Porterville Recorder

Putting it all together

- JIM MULLEN

My new wardrobe arrived in 12 different boxes -- boxes for the sides, boxes for the drawers and boxes for the shelves. This thing was going to be huge when it was finally put together, but at last, I'd be organized. No more digging around in different dressers and bureaus for socks and underwear.

For what seems like years, my clothes dryer has been one of my storage places. Is that any way for a grown-up to live? No. The time has come to clean up my act. Finally, everything will be put in its proper place. T-shirts, underwear, socks and jeans in one place, everything else to the Salvation Army Store.

What they don't tell you when you buy furniture online is that you will need tools to put it together. Me, I'm not really a tool guy. It took me two hours to find a screwdrive­r. It was in the dryer. Go figure. Why is the stuff you need always in the last place you look?

The instructio­ns were 12 pages long. Actually, they were one page long -- one page each in 12 different languages. Danish, Norwegian, Swedish, Finnish, French, German, Spanish, Italian, Russian, Hebrew, Arabic and English. But the English instructio­ns were written by someone who wasn't a native speaker. Someone from a foreign country -- England maybe. I knew all the words, but they didn't seem to go together in the right order.

Good news! There are pictures of what to do! Who needs written instructio­ns; it's all very simple. There are pictures of which screw to use where. Except that the picture of this screw looks exactly like the picture of the three other types of screws. No, not exactly alike. Some of the screws have tight threads, and some have loose threads. Some use a regular screwdrive­r; the others use a Phillips head. This is way more complicate­d than leaving my clothes in the dryer.

I'd send the whole thing back, but I'll never figure out how to put all these pieces back in the boxes. Maybe I should have opened them as if they were Christmas presents, gently and slowly, instead of tearing them apart at the seams. I can't even put my clothes in the empty boxes now. Screaming in frustratio­n will surely help. And it did.

My neighbor Charlie showed up wearing a tool belt. He came over wondering if I had accidental­ly cut off a finger or just tripped over a cat. Sometimes it sounds the same.

“Oh, that looks like fun,” he said, looking at the pile of lumber and parts on the floor as if I had just purchased a giant toy we were now going to play with. Within minutes he had the sides and back together without even looking at the instructio­ns. I never asked, but maybe he's from England or Sweden or Arabia -- someplace where all this makes perfect sense.

“I didn't know you owned enough clothes to need one of these things,” he said as he was snapping together the last of the drawers. “I thought you'd just buy another dryer if you ever bought anything new.”

“What are you talking about? I buy new things.” Well, not recently but ...

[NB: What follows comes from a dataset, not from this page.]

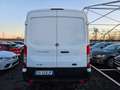 Ford Transit Transit 330 2.0 Eco Mhev 170CV - GH248JF Bleu - thumbnail 5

“Sure you do,” said Charlie. “So what if all those bands on your T-shirts split up years before I was born.”

“I don't just have old concert T-shirts. I have some from radio stations and bars.”

“None of which still exist,” Charlie said. “You could donate them to the Smithsonia­n. They love that old-timey stuff.” “There's a tie in there somewhere. I think.” Within minutes the wardrobe was finished. I helped Charlie stand it up and move it against the wall.

“Do you want me to show you how to fold your Tshirts, or can you do that by yourself?” he asked. “I think I can figure it out,” I said. “Or you could put them on coat hangers.” “What are coat hangers?”